Big Data processing with Elasticsearch and Apache Spark

Track: Data Science and Machine Learning

Skill Level: Intermediate

Room: Room A403

Time Slot: Fri 2/24, 10:30 AM

Tags: nosql , elasticsearch , apache spark

Presentation Link

Abstract

This talk will explore some of the differentiating and compelling features that Elasticsearch offers, newer features added in versions 2.x, and those expected in 5.x. I will share real-world uses of Elasticsearch in processing Big Data in ETL and visualization scenarios.
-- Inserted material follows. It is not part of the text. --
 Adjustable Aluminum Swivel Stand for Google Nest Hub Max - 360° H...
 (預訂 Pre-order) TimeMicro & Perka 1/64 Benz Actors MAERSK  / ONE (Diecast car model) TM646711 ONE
I’ll also cover integrating Elasticsearch with Apache Spark for processing large amounts of data in a parallelized fashion, with best practices in building a scale-out and fault-tolerant architecture deployed on AWS.

Roy Russo

Roy Russo is the co-author of Elasticsearch in Action and Vice President of Engineering at Predikto Analytics. Before joining Predikto, Roy was the Chief Architect at AltiSource Labs, a FinTech startup based in Atlanta, GA. Roy was the Co-Founder and VP of Product Management for Atlanta-based Marketing Automation vendor, LoopFuse; recently acquired by Atlanta-based SalesFusion, Inc. Roy also helped Co-Found JBoss Portal, a JSR-168 compliant enterprise Java Portal, and represented JBoss on the Java Content Repository, JSR-170.